Compress dataset into a file (.zip, .tar or .tar.gz)

The dataset can be any format or even multiple files, but it should be a compressed file in ".zip" or ".tar" or ".tar.gz".
The platform will decompress the file according to its extension by a corresponding command under a folder called INPUT_PATH which will be introduced later. For instance,
- In Example-1, after CoPI upload "dataset.zip", the system will do "cd $INPUT_PATH && unzip dataset.zip". So the final path will be "$INPUT_PATH/dataset/*.jpg".
- In Example-2, after CoPI upload "data.csv.tar", the system will do "cd $INPUT_PATH && tar -xf dataset.zip". So the final path will be "$INPUT_PATH/data.csv".
The extracted file structure is possible to be different if we use different decompressing tools. Note that here we use Linux commands to extract. Please confirm the decompressed file structure in advance. For example, a file "foo.csv" is compressed into "foo.zip", then:
- "double clicking foo.zip in MacOS" might generate "./foo/foo.csv".
- "unzip foo.zip in Ubuntu" will generate "./foo.csv".

Code

1. Convert .ipynb to .py

If your code is in Jupyter Notebook format ".ipynb", please follow the below instructions to convert it into python script format ".py". Although ".ipynb" is friendly for developing due to its storage of both input code and output result, python scripts ".py" that stores input code only are more widely used for deployment because of its lightness and stability. Please choose one of the following method to convert the code:

Method 1 - Copy paste directly
- Create an empty text. e.g. xxx.txt
- Rename its extension as "py". e.g. xxx.py
- Copy code in each block from ".ipynb" to ".py" sequentially.
Method 2 - Use commands (Recommended)

pip install jupyter nbconvert

jupyter nbconvert --to script xxx.ipynb

2. Standard machine processes

Please ensure that your training or validation code should be conformed with standard machine learning processes (or it should be rearranged first) and make sure it runs properly.

Training code (FL):
- Load data
- Initialize a model
- (Optional) Load pre-trained weights into the model
- Training # Please make sure the result is converged by certain epochs
Validation code (FV):
- Load data
- Initialize a model
- Load pre-trained weights into the model
- Validating

3. Models inputs and outputs

There is NO limitation of model inputs and outputs.

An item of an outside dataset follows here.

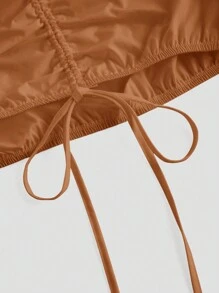 SHEIN MOD 大码女式浪漫复古荷叶边心形领口泡泡袖前抽绳褶皱衬衫 - 鏽棕色 - 查看 3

The only required interface is about the code, see the next item.

4. Input interfaces and output Interfaces (IMPORTANT)

There are three things we need to do

Modify code to fit input interface
Modify code to fit output interface
Pack the modified code into a docker image

Here we provide a library called FLaVor to complete these requirements.

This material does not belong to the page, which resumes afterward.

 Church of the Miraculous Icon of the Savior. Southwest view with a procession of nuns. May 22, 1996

For FL, please follow 3.1 An overview of FLaVor FL to complete the code interface.

For FV, please follow 4.1 An overview of FLaVor FV to complete the code interface.

Weights

Pytorch: xxx.ckpt
- type(model): torch.nn.Module
- {"state_dict": model.state_dict()}
- torch.save
Tensorflow: xxx.ckpt
- type(model): tensorflow.keras.models.Model
- {"state_dict": {str(key): value for key, value in enumerate(model.get_weights())}}
- pickle.dump
XGBoost: xxx.json
- type(model): xgboost.Booster
- model
- xgboost.save_model

Note that if you have multiple models weights, you can upload several weights into a project and choose one for a plan.